Once the line containing "Airfix 6054 Quickbuild Audi TT Coupe" is found in the data below, repeat it and every later line exactly, leaving the pictures out.

─── Information given ───

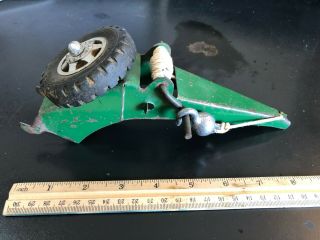 Vintage Buddy L Wrecker/tow Truck Boom With Spare Tire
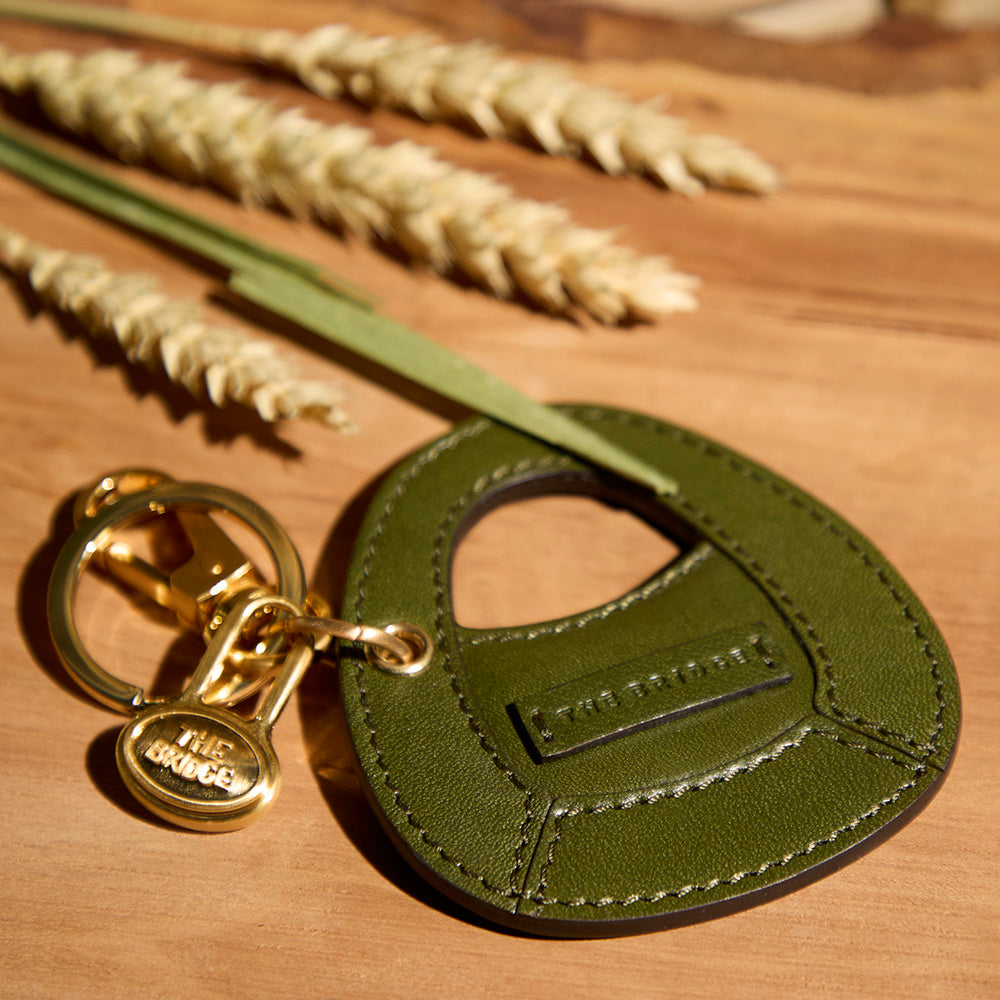MAN BAG BROWN/GOLD | The Bridge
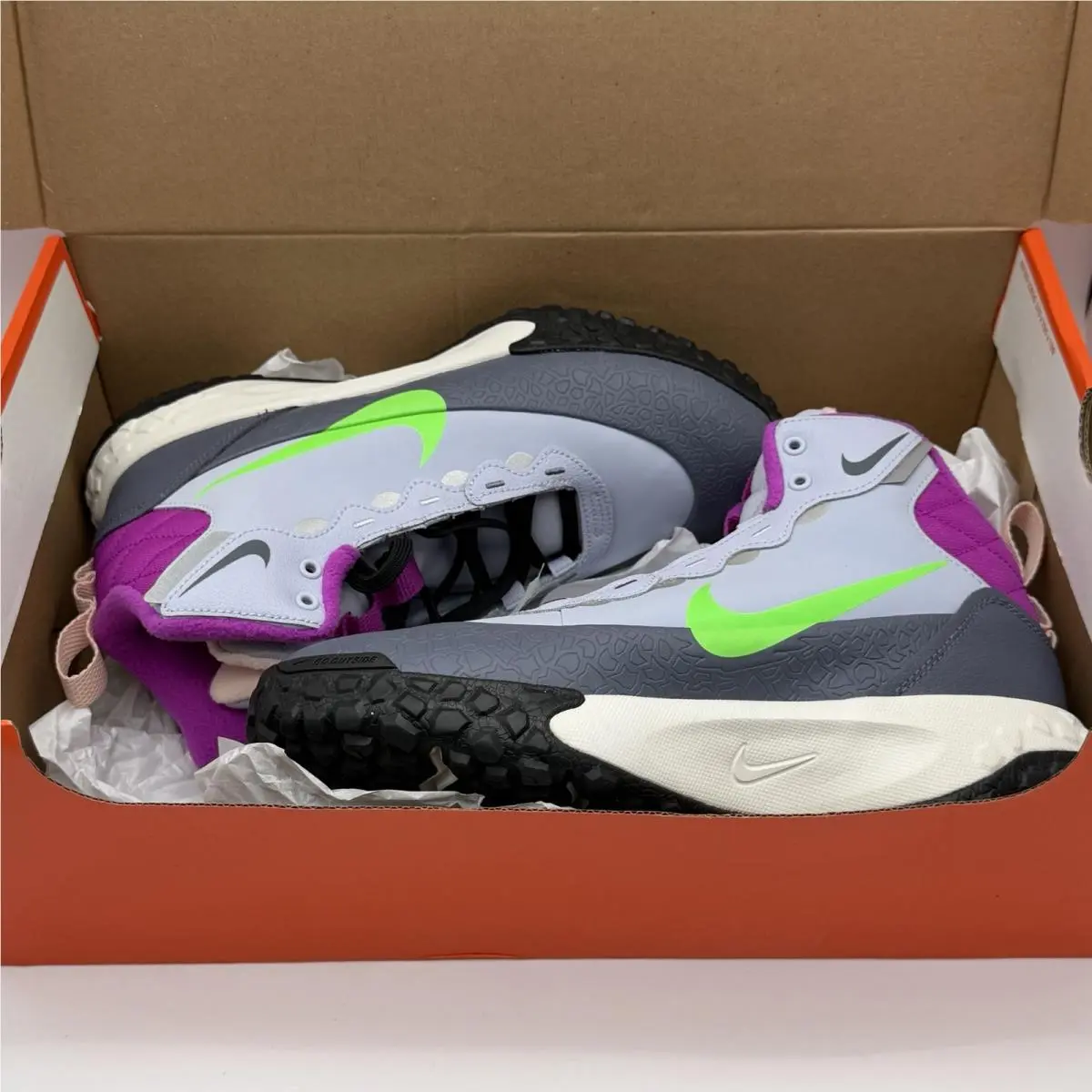 Nike shoes - Terrascout GS - Terrascout - Green 6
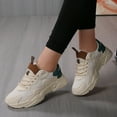 thumbnail image 3 of Women Walking  Shoes Lightweight Casual Sneakers for Gym Travel Work, 3 of 6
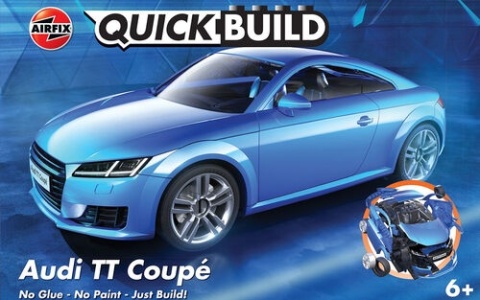 Airfix 6054 Quickbuild Audi TT Coupe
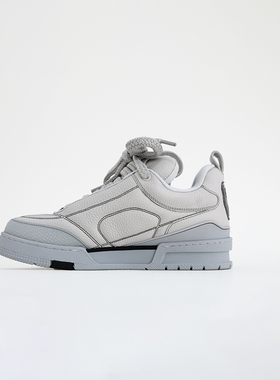 AERTOMZMD Men's shoes skate真皮运动鞋 男鞋真皮时尚休闲鞋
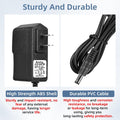 DaToo Aquarium Light LED Power Adapter AC 100-240V DC 12V 1A Replacement Power Adapter Fish Tank Light Power Supply Conv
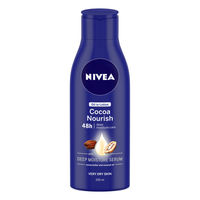 NIVEA Body Lotion for Very Dry Skin- Nourishing Body Milk with Almond Oil and Vitamin E (400 ml)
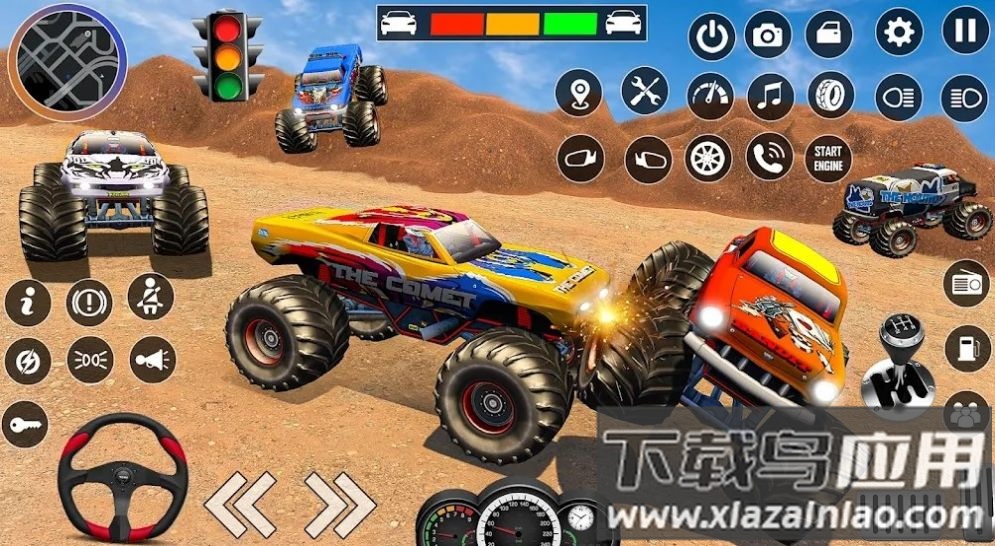 美丽国怪物战车US Monster Truck游戏截图2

───

» **Task result**:
 Airfix 6054 Quickbuild Audi TT Coupe
 AERTOMZMD Men's shoes skate真皮运动鞋 男鞋真皮时尚休闲鞋
 DaToo Aquarium Light LED Power Adapter AC 100-240V DC 12V 1A Replacement Power Adapter Fish Tank Light Power Supply Conv
 NIVEA Body Lotion for Very Dry Skin- Nourishing Body Milk with Almond Oil and Vitamin E (400 ml)
 美丽国怪物战车US Monster Truck游戏截图2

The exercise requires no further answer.